*** AVAILABLE DATA Section Begins ***
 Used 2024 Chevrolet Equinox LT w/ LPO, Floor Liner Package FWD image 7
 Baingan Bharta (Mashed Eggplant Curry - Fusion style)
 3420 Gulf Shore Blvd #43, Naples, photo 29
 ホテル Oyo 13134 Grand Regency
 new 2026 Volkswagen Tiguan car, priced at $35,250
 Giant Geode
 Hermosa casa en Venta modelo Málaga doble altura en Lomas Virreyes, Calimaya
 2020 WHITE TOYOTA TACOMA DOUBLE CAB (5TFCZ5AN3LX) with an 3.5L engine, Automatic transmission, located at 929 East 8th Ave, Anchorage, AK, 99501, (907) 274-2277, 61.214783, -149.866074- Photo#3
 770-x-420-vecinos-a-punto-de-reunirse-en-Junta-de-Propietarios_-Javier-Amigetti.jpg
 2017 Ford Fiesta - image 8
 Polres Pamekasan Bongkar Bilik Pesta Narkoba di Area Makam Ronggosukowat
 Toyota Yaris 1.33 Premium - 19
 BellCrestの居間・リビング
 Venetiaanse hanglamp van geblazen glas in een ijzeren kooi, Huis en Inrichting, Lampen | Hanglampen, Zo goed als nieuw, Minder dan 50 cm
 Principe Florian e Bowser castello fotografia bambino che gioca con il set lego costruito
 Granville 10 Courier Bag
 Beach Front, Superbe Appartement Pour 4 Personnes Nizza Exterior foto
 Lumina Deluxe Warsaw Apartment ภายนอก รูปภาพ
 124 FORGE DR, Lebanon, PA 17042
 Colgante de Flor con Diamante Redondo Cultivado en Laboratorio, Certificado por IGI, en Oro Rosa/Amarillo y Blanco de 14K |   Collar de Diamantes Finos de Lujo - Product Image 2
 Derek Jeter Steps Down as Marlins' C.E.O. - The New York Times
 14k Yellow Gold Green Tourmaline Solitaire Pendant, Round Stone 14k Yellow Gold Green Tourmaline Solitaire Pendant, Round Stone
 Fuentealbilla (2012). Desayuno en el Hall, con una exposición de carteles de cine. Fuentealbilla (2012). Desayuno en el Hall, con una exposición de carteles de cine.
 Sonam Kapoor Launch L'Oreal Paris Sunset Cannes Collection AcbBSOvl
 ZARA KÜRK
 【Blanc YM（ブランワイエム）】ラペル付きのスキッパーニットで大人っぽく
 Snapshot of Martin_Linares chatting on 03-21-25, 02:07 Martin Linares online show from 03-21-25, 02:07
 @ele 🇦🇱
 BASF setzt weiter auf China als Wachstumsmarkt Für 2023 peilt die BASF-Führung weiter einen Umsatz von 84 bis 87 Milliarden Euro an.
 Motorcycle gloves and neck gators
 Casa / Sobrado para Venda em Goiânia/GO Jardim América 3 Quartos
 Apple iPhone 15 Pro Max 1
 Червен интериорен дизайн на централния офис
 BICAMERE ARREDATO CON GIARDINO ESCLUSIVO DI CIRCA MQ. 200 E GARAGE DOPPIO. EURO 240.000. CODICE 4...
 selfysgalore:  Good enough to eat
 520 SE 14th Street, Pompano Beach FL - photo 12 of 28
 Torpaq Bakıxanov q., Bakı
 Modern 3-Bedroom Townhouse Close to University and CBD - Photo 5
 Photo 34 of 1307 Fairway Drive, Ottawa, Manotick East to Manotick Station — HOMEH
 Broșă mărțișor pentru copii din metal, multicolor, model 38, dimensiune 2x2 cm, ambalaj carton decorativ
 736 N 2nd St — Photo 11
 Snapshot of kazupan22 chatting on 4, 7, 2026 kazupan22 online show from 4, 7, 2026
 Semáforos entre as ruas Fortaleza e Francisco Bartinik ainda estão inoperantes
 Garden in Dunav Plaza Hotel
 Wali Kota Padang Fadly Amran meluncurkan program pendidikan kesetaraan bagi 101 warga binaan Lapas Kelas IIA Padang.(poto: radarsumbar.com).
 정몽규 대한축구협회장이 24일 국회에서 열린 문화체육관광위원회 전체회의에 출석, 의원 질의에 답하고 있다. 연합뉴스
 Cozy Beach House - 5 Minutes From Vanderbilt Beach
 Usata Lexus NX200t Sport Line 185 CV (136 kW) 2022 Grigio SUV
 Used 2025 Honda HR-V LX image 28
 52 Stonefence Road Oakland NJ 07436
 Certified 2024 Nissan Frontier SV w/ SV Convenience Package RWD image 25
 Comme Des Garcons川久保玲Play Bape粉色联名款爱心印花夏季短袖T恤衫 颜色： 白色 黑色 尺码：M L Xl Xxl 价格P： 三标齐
*** AVAILABLE DATA Section Ends ***
TASK TO COMPLETE –
Give again exactly, and only, the lines above starting at the one with "Hermosa casa en" and ending at the one with "BellCrestの居間・リビング".

ANSWER –
 Hermosa casa en Venta modelo Málaga doble altura en Lomas Virreyes, Calimaya
 2020 WHITE TOYOTA TACOMA DOUBLE CAB (5TFCZ5AN3LX) with an 3.5L engine, Automatic transmission, located at 929 East 8th Ave, Anchorage, AK, 99501, (907) 274-2277, 61.214783, -149.866074- Photo#3
 770-x-420-vecinos-a-punto-de-reunirse-en-Junta-de-Propietarios_-Javier-Amigetti.jpg
 2017 Ford Fiesta - image 8
 Polres Pamekasan Bongkar Bilik Pesta Narkoba di Area Makam Ronggosukowat
 Toyota Yaris 1.33 Premium - 19
 BellCrestの居間・リビング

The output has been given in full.